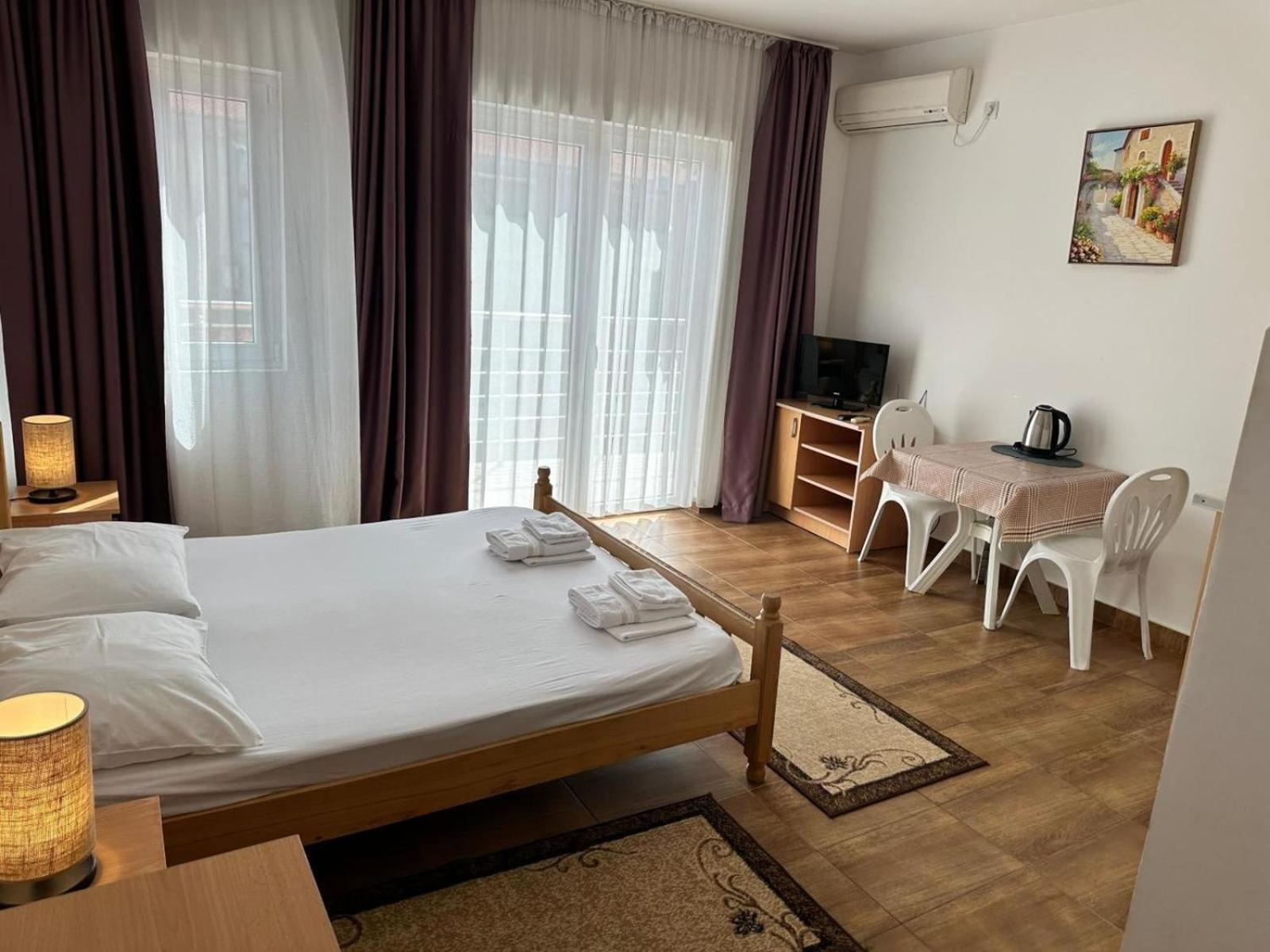 Apartmani Franeta บุดวา ภายนอก รูปภาพ
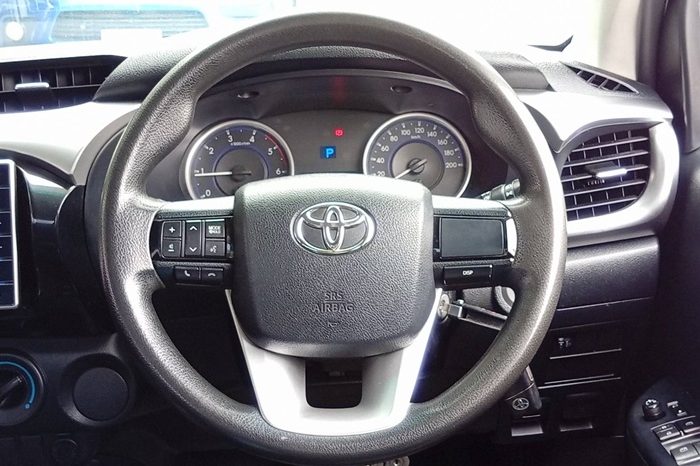 REVO PRE 2016 2.4E AT DOUBLE CAB SILVER 3091 full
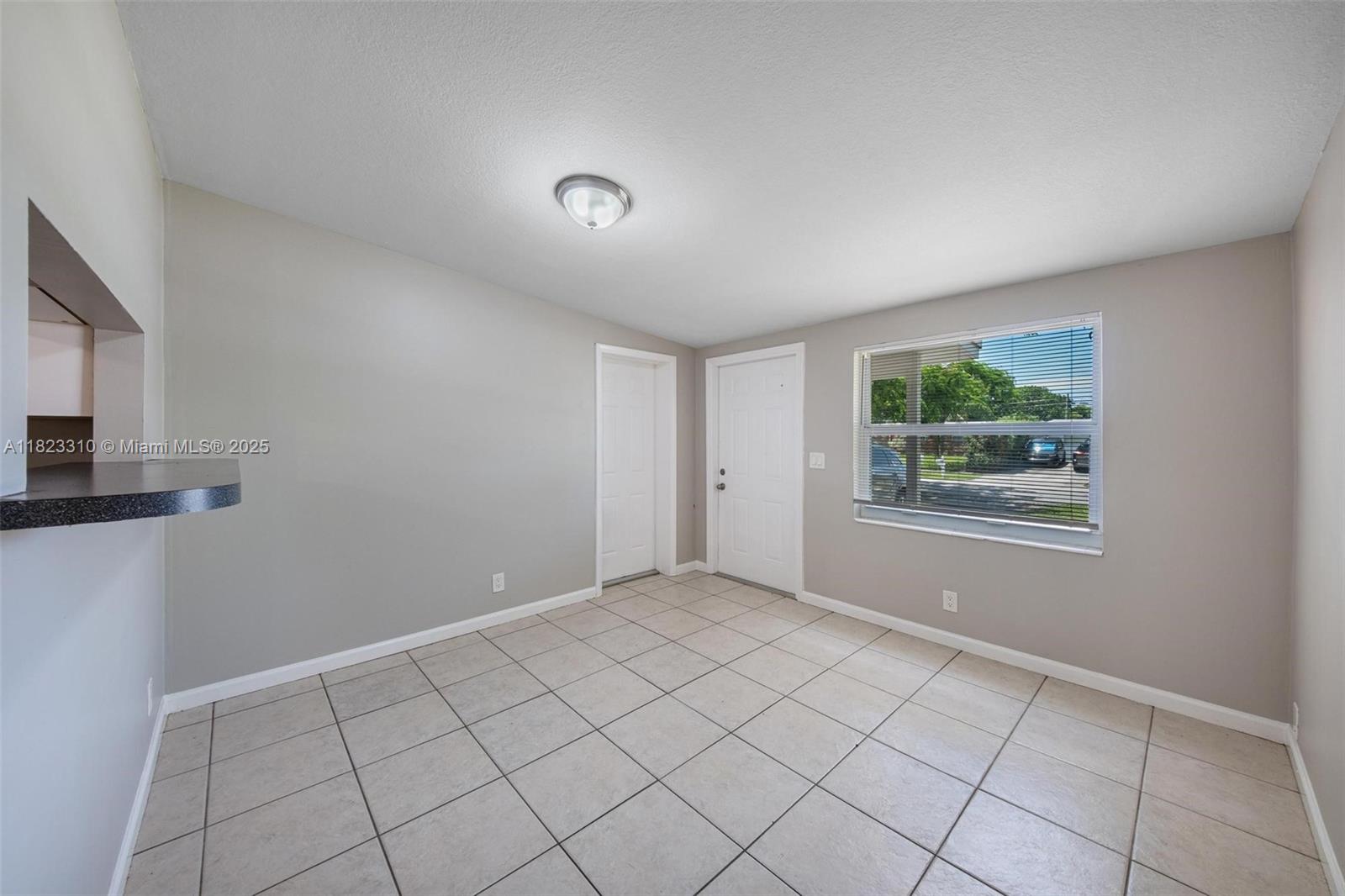 PALM BEACH CABANA COLONY - Residential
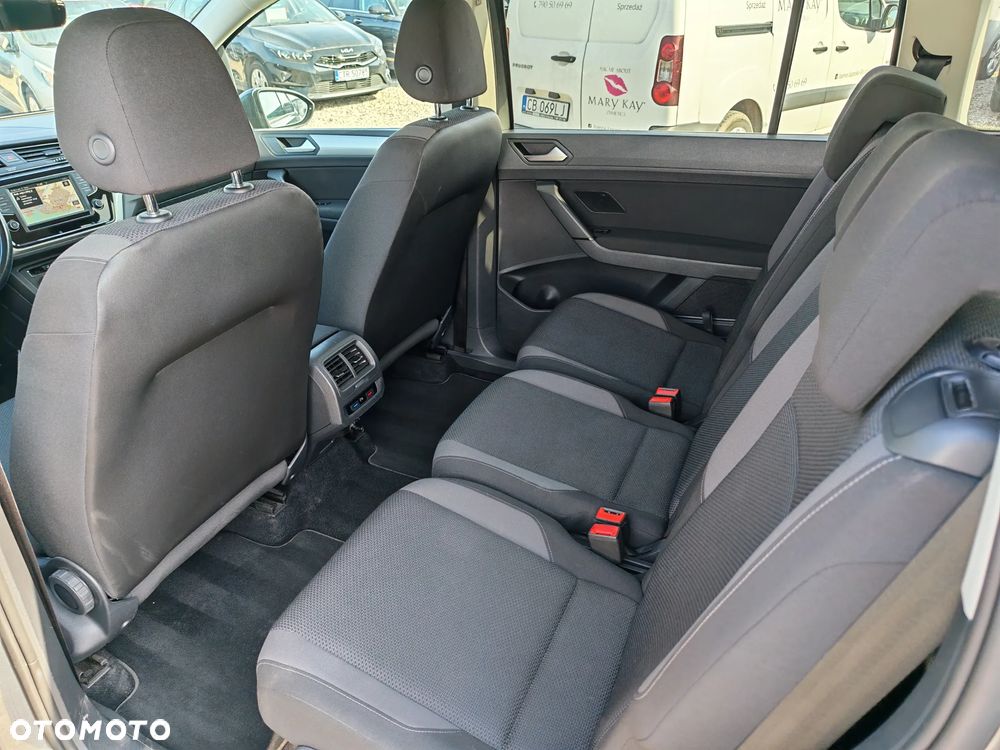 Volkswagen Touran 1.6 TDI SCR (BlueMotion Technology) SOUND - 30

**ACTIVITY**
Word for word, retype all of the data above, but include no pictures.

**EXERCISE OUTPUT**
 Apartmani Franeta บุดวา ภายนอก รูปภาพ
 REVO PRE 2016 2.4E AT DOUBLE CAB SILVER 3091 full
 PALM BEACH CABANA COLONY - Residential
 Volkswagen Touran 1.6 TDI SCR (BlueMotion Technology) SOUND - 30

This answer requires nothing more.